TASK INSTRUCTIONS: Only the pictures are dropped. Restate each line below word for word.

INFORMATION SUPPLIED:
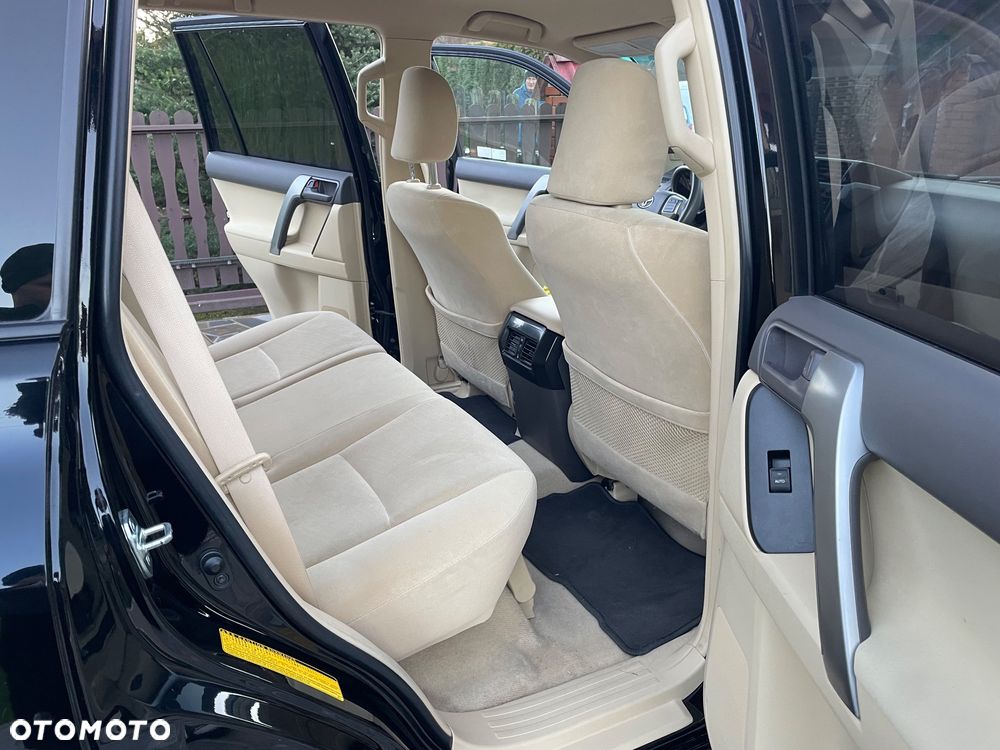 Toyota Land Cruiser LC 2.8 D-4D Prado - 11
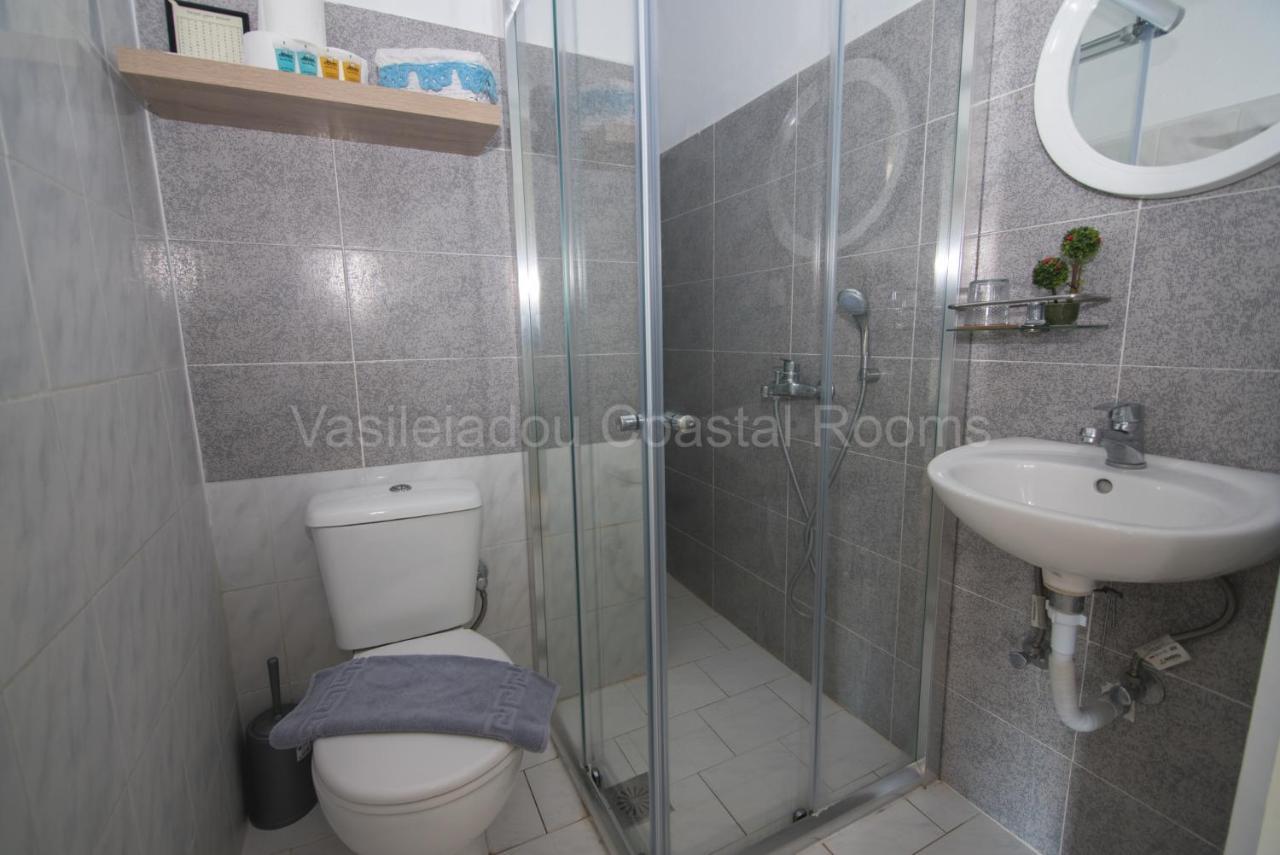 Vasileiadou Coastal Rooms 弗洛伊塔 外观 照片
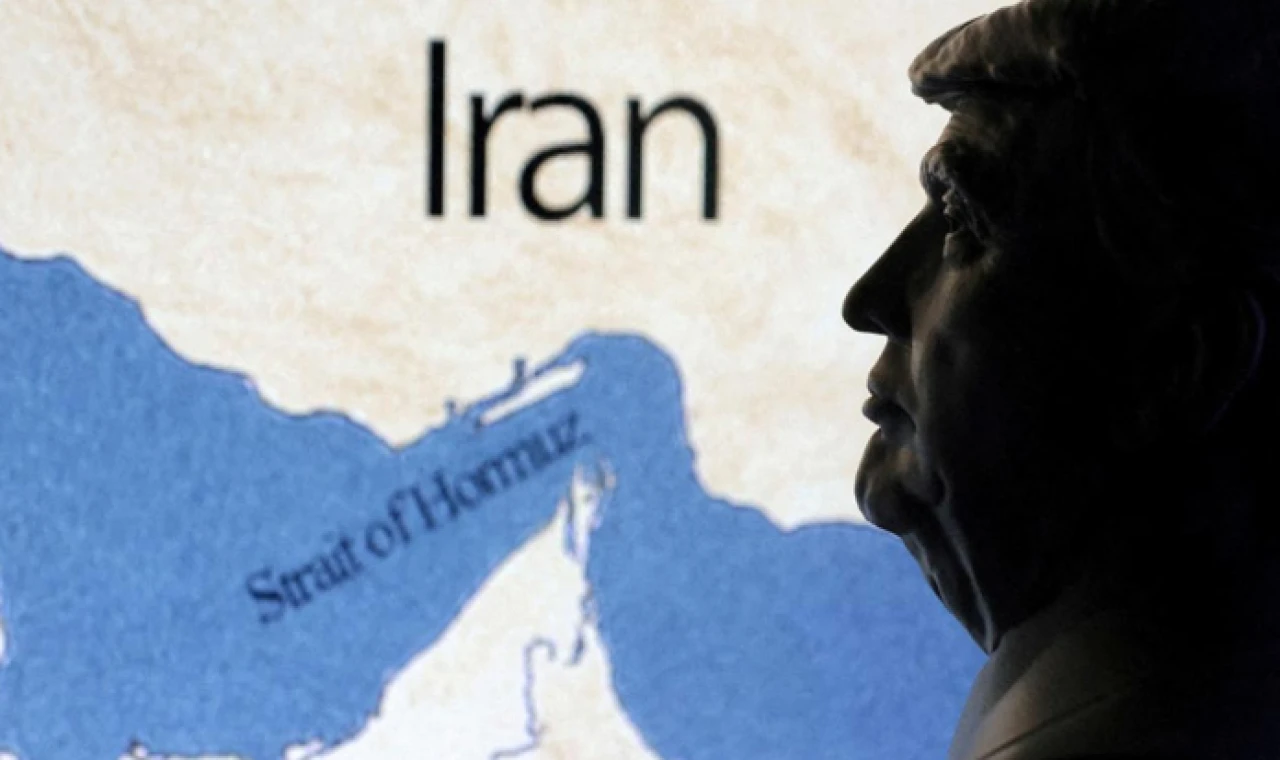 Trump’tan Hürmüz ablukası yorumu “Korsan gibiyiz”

OUTPUT BELOW:
 Toyota Land Cruiser LC 2.8 D-4D Prado - 11
 Vasileiadou Coastal Rooms 弗洛伊塔 外观 照片
 Trump’tan Hürmüz ablukası yorumu “Korsan gibiyiz”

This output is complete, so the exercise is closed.